A few years ago the Catholic church around the corner from us got all new landscaping. One of the things installed was a little vineyard of 20 Cabernet plants. Stefania and I drive by a lot on our way to our local coffee shop or the gas station, and the vineyard looked like hell. The plants were not pruned properly, and they never got around to finishing the wiring.

Two years ago I called the priest and volunteered to take care of the little vineyard. At first it was a little hard to get him to understand that we'd just do it for no charge, but we did.

We cleaned up the plants, and tried to get them retrained correctly. Jerry and I also installed the correct trellis supports and installed a 5 wire catch system.

Last year the vineyard got a little fruit and we harvested that and used it for our grape stomp. The rather bizarre rules of the state of California mean we can't spray anything on the vines, so they do get mildew every year and we won't end up using the grapes for anything but stomping.
Stef and I did the pruning this year. We let the vines get pretty wild last year with a lot shoots. When trying to retrain a vineyard this usually works best because you have more options on shoots you want to keep and work with. Here's a vine before we started.


You can see we have the starts of a cordon and spur VSP system going. Each spur threw two shoots, we just had some extra shoots to remove.

On some plants we are still pulling down new canes, and here's one we have started now.

The finished spurs from the plant above. These vines should fill in nicely this year and it is one of the better looking parts of the landscaping now.

On some plants we left three spurs, on others four. It just depended on the spacing. One thing we have to be careful about is leaving two spurs from different plants too close on the ends of the plants. Then you end up with four tightly spaced shoots and that increases the risk of mildew.

Here is a new spur, and our trusty FJ Cruiser.



4 comments:

Dave said...

The rather bizarre rules of the state of California mean we can't spray anything on the vines
Why is that? Because they are beside a public road?

Paul Romero said...

The alternative would be to get a pesticide business license on top of my QAC and QAL, but the insurance coverage required is over $2500 a year. Even if I don't charge the church, I'd need to register with the state as a pesticide business. Total cost would run abour $4000 a year.

Dave said...

Would you need a pesticide licence for things like oil or just for sulphur?

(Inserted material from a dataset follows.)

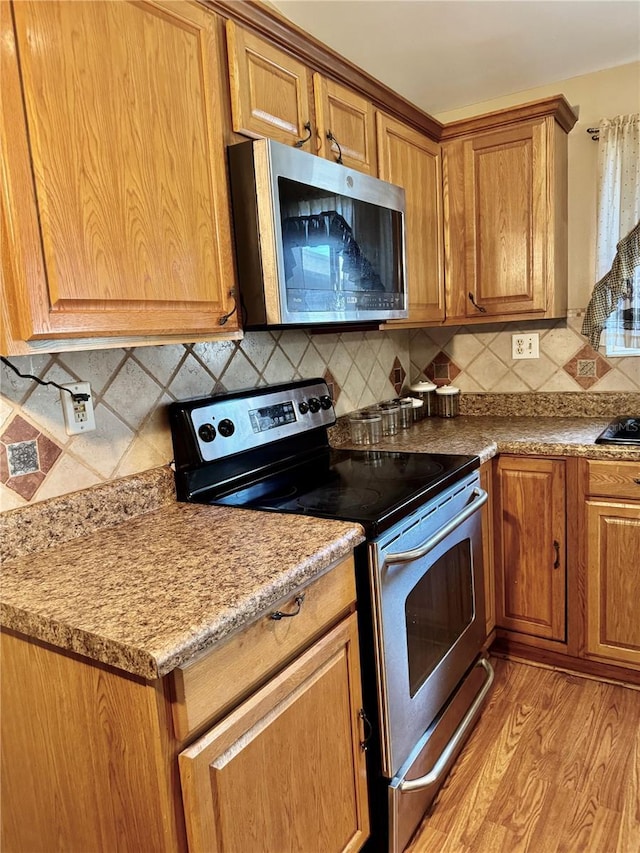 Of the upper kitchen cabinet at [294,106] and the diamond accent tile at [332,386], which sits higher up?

And does that mean you can no longer spray your other vineyards too?

Paul Romero said...

You need it for any spray, organic or not. I have site permits for the other sites. We lease the bigger vineyards so those count as mine and my QAL works. The home vineyard is registered with the county also. They gave me a bad time about it last year, but I think gave in and admit it's a little silly and tried to get me in a program so they wouldn't have to come inspect my backyard twice a year.